**Exercise**:
Nothing is needed except the lines below that run from the one with "Чехол Purple space" through the one with "10 Mẫu Ốp Tường", repeated exactly.

**Extracted material**:
__________
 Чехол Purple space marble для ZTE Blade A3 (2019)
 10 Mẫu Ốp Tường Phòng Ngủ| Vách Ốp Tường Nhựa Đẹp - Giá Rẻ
__________
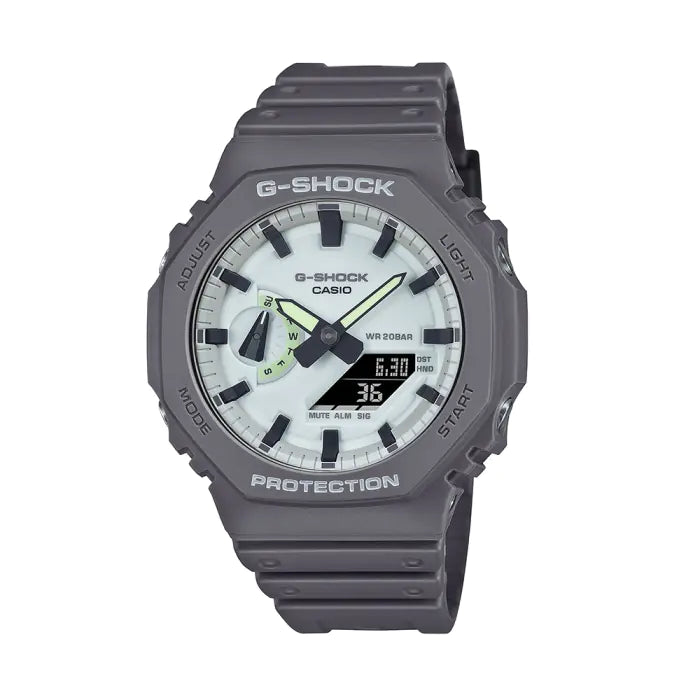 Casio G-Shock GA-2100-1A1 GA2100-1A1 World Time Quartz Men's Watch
__________
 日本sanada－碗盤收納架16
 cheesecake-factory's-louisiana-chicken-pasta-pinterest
__________
**Task answer**:
 Чехол Purple space marble для ZTE Blade A3 (2019)
 10 Mẫu Ốp Tường Phòng Ngủ| Vách Ốp Tường Nhựa Đẹp - Giá Rẻ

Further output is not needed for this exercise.